Desierto de Altar
16-Jan-98 (Private Trip)
By: Mark Adrian
In a continued pursuit to satisfy curiosity, our small group once again decided to head towards Mexico's Sonoran panhandle to explore and climb several satellite ranges west of the Sierra el Pinacate. Extensive map research revealed an ample selection of various Sierra and having seen these ranges from distant Cabeza Prieta range highpoints, this area seemed ripe for exploration. Since we had previously climbed the range highpoints of both the nearby Sierra el Rosario and Sierra Tinajas Altas, this venture seemed only "natural".
Departing the US via San Luis, AZ, we headed east on Mexico Highway two, a somewhat rough road that passes through a bleak area of sand before winding through several Sierra. About fifty miles east of San Luis is where the landscape begins to change. Here we had a beautiful selection of Sierra at our disposal. I will submit a second report that details the drive and climbs of the various peaks and elaborate more here on the aesthetics. Our first "stop" was the highpoint of the Sierra Los Alacranes (aka BM Puerto). This was, as expected, a rugged "little" climb with a pronounced low-third class summit block atop which, unexpectedly, we found a Mexican benchmark (not shown on their map). Looking across the spine of this range, small though it is, one is impressed with the relief and tremendous views across the Desierto all the way to the blue ribbon of the Gulf of California. In fact, all of the Sierra we climbed offered spectacular views of Cerro Pinacate and my GPS revealed we could even see the distinct profile of Picacho del Diablo, 125 miles distant. This is Sonoran desert at its finest. Then, as if that weren't reward enough, as we returned on descent out onto the alluvial, we were greeted by a herd of twelve big horn sheep. At first, they darted and bolted away, but, standing stationary, they meandered towards us seemingly unconcerned about our presence. This was indeed, a rare sighting. With several hours of daylight remaining, we continued east on Mexican Highway two to setup for the highpoint of the Sierra el Choclo Duro.

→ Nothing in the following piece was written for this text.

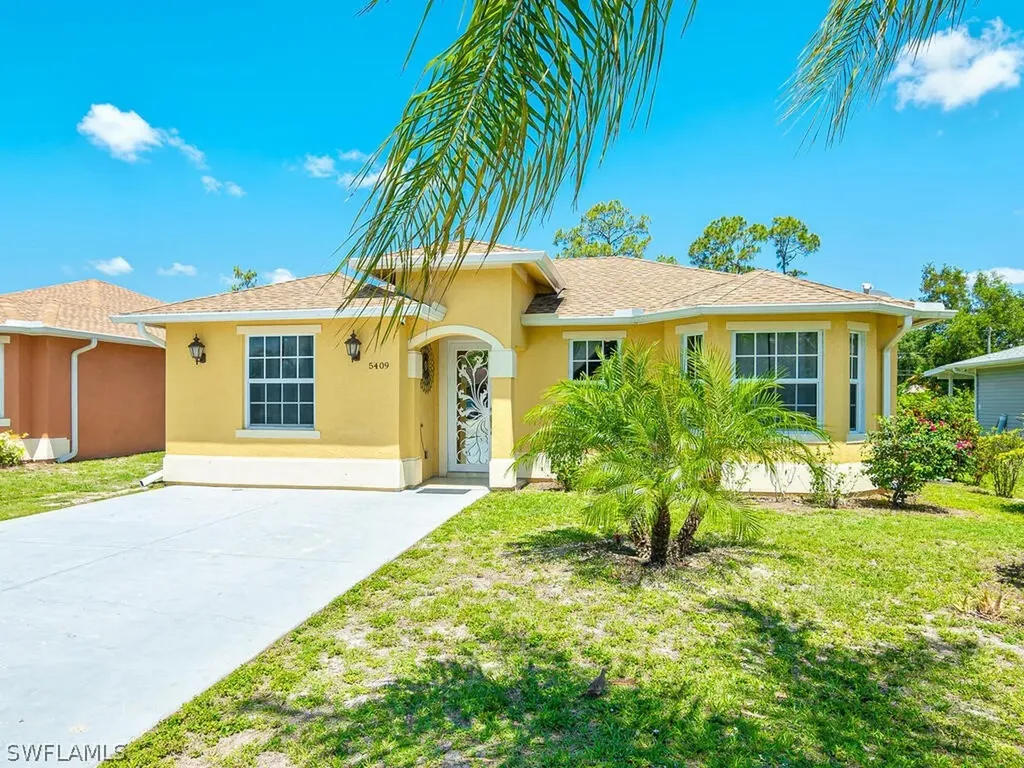 5409 Trammel Street Naples FL 34113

Although an elusive drive in, we found a great campsite away from the paved road in a secluded wash and enjoyed a spectacular sunset, one of many during the trip. The next morning, in good position, we had a comfortable climb of the highpoint despite a cholla garden near the summit. Unique to this peak however, are the views north into Cabeza Prieta where we had made many journeys before. Landmarks were recognizable and recollections of their climbs recalled fond memories.
Conveniently located nearby the Choclo Duro is the Sierra Aguilla, which although a short climb, more than compensates with its ruggedness and third class summit. We determined ours was a first ascent. Afterwards, we continued east, again, on Mexico Highway two, to descend south to explore several ranges that flank the western drainages of the Sierra el Pinacate. Our first climb in the area was the highpoint of the Sienita el Temporal (aka Sierra Hornaday) composed of 570 million year old pre-Cambrian rock. This range was allegedly climbed by Father Kino where he viewed the mile-wide MacDougal Crater only several miles south of the highpoint. This geologic formation is definitely a unique spectacle when viewed from the highpoint.
Continuing south, sometimes groping for roads (poor maps in this area), we found a lush campsite in a sandy wash near the western base of the Sierra Blanca. This Sierra high-point is about sixteen miles south of the highway, so there is a tremendous sense of remoteness. Again, a pretty short climb complemented with stunning views, especially Cerro Pinacate to the immediate east. To the west, we could see the next day's objective, the highpoint of the Sierrita Enterrada, some four miles distant from camp. More intriguing though, were the fields of purple "carpet" (flowers) that ''paved" most of the route. That evening, we had one of the most color-saturated sunsets I've ever witnessed.
Up early the next morning, we were serenaded by a din of birds as if though in an aviary. Then, shortly after departure, we were surprised by an enormous amount of wildflowers as we walked for nearly four miles across rolling "dunes" towards the Sierrita. Dominating the flower "garden" were purple Sand verbena, then, where there was "room" dune "desert primroses, desert mallow, datura (which I call lilies"), budding ajo lilies, encilia or bush sunflower and what was thought to be desert marigold. The final portion of the climb proved trivial, nonetheless, we claimed the summit as a first ascent. This was the most remote range we climbed and gave perhaps the best overview of the vastness of the Desierto's sand-strewn isolation. Thanks to Richard Carey, Shelley Rogers (resident flower expert), Ken Olson and his dog Buster for an enjoyable trip.